A giant free index of global research articles published online

Technologist Carl Malamud.Credit: Smita Sharma

In a project that could unlock the world’s research papers for easier computer analysis, an American technologist has published online a gigantic index of words and short sentences contained in more than 100 million journal articles, including many paid articles.

The catalog, which was released on October 7 and is free to use, contains tables of more than 355 billion words and phrase fragments listed next to the articles in which they appear. It’s an effort to help scientists use software to glean information from published work, even if they have no legal access to the underlying documents, says its creator, Carl Malamud. He published the records under the auspices of Public Resource, a nonprofit company in Sebastopol, Calif., Which he founded.

Malamud says that because his index does not contain the full text of articles, but only extracts from sentences of up to five words, his publication does not violate publishers’ copyright restrictions on the reuse of paid articles. However, a legal expert says editors could question the legality of how Malamud created the index in the first place.

Some researchers who had early access to the index say it is a major development to help them search literature with software – a procedure known as text mining. Gitanjali Yadav, a computational biologist at the University of Cambridge, UK who studies volatile organic compounds emitted by plants, says she aims to comb through the Malamud index to produce analyzes of chemicals plants described in the world’s research papers. “There is no way for me – or anyone else – to analyze or experimentally measure the chemical footprint of every plant species on Earth. Much of the information we are looking for already exists, in the literature. published, “she said. But researchers are constrained by the lack of access to many documents,” Yadav adds.

The General Malamud Index, as he calls it, aims to solve the problems faced by researchers such as Yadav. Computer scientists are already texting mining articles to create databases of genes, drugs and chemicals found in the literature, and to explore article content faster than a human could read. But they often note that publishers ultimately control the speed and scope of their work, and that scientists are limited to retrieving only open access articles, or articles to which they (or their institutions) subscribe. Some publishers have said that researchers looking to extract text from paid articles need their permission.

And while free search engines like Google Scholar have indexed the text of paid literature with publishers’ consent, they only allow users to search with certain types of text queries and restrict automated search. This does not allow for large-scale computerized analysis using more specialized research, Malamud says.

Terabytes of data

Malamud’s Project is his latest venture in a career dedicated to posting locked-down information for free online access – often facing legal challenges. He initially focused on the publication of legal and financial information produced by the government. But more recently, he has turned his attention to opening up scientific literature.

He started with a project to allow scientists to SMS – but not read – a giant research paper store that he maintains on a server in India; an idea he says he’s still working on.

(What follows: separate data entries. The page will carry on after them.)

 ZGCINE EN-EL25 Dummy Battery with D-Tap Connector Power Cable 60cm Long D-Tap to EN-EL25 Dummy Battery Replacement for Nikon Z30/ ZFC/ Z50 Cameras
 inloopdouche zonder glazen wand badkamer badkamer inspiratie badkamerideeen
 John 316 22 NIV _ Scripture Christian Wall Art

The General Index now allows anyone to mine scientific work, but it does not have its own web search portal, so if scientists want to search for it, they will have to upload its files and develop their own. programs. Malamud hopes that users will make any search engines they create available to others.

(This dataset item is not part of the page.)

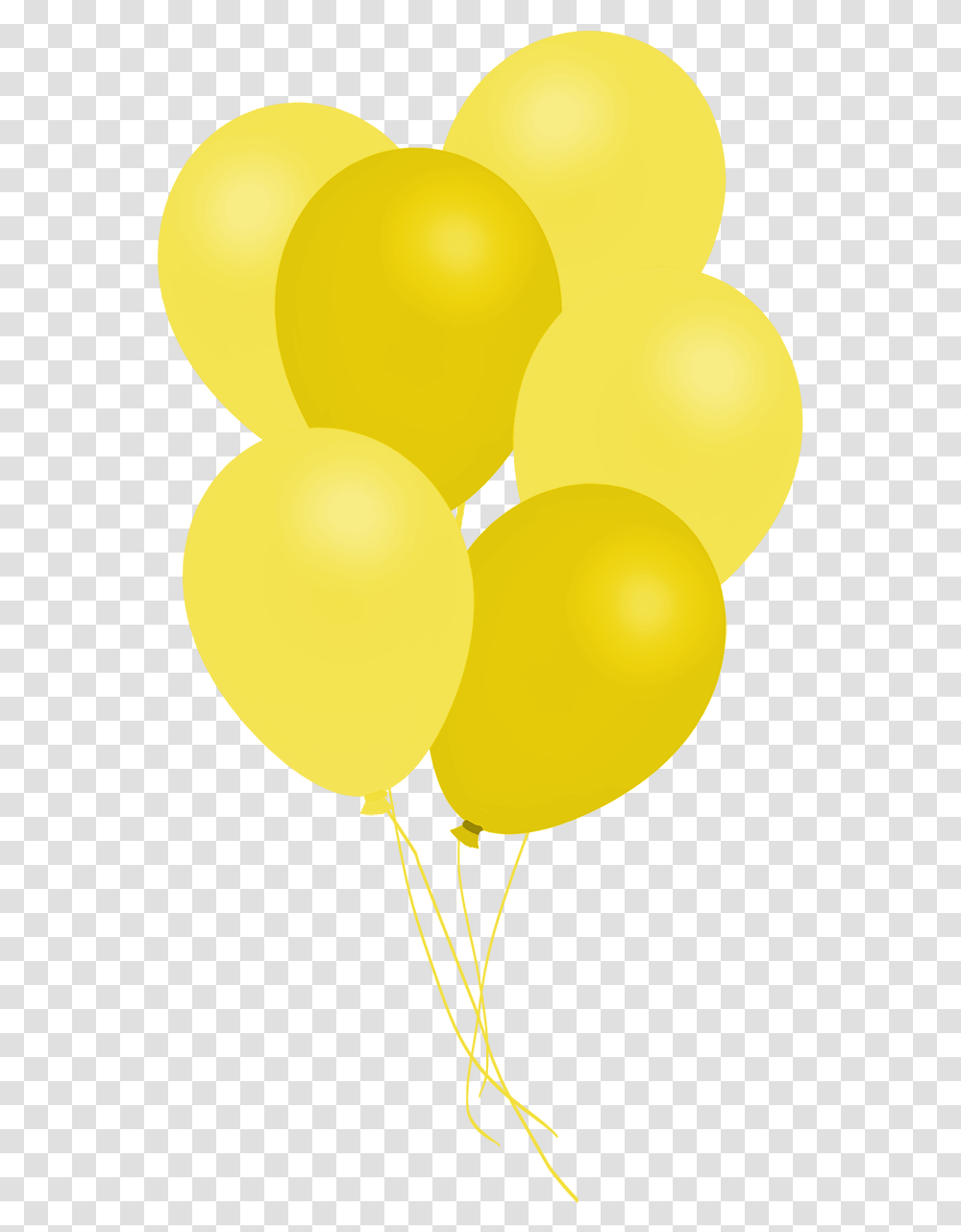 Bunch Of Yellow Balloons Balloon Transparent Png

In its compressed format, the catalog totals nearly 5 terabytes, then expands to 38 terabytes. In addition to sentence fragments, the files also include tables of nearly 20 billion keywords in the literature, and tables of article title, authors, and DOI (article identifier), so that users can find a complete article if they have access to this reading.

Michael Carroll, a legal researcher at the American University Washington College of Law in Washington DC, says the distribution of the index should be legal worldwide because the files do not copy an underlying article enough to violate the law. Publisher’s copyright – although laws vary by country. “Copyright does not protect facts and ideas, and those results would be treated as a communication of facts derived from the analysis of copyrighted articles,” he said.

The only legal question, Carroll adds, is whether Malamud obtained and copied the underlying documents without violating the publishers’ terms. Malamud says he had to obtain copies of the 107 million articles referenced in the index to create it; he declined to say how, but points out that researchers will not have access to the full texts of the articles, which are stored in a secure and undisclosed location in the United States.

“I am very confident that what I am doing is legal. We are not doing this to provoke a lawsuit, we are doing it to advance science, ”he says.

Nature contacted six editors about the General Index for this article: all but one declined to comment. In a statement, Springer Nature said the company supports open research initiatives that use technology and algorithms to meet the needs of researchers. “We have seen some initiatives run into problems, however, when the necessary rights have not been secured to enable their sustainability,” the statement added. (Springer Nature publishes this journal; NatureThe news team is editorial independent of its publisher.)

Another legal researcher, Arul George Scaria of National Law University in Delhi, says any publisher who tries to use copyright laws to prevent researchers from using the General Index “will end up being disappointed.” . The publication of the index, says Scaria, is a “major development for the wealth of information it has unlocked from those 107 million journal articles.”

About Mark A. Tomlin

Check Also

Roadmap for a literature review

By Prof. RA Seetha Bandara, Board Member of the Sri …

Leave a Reply

Your email address will not be published.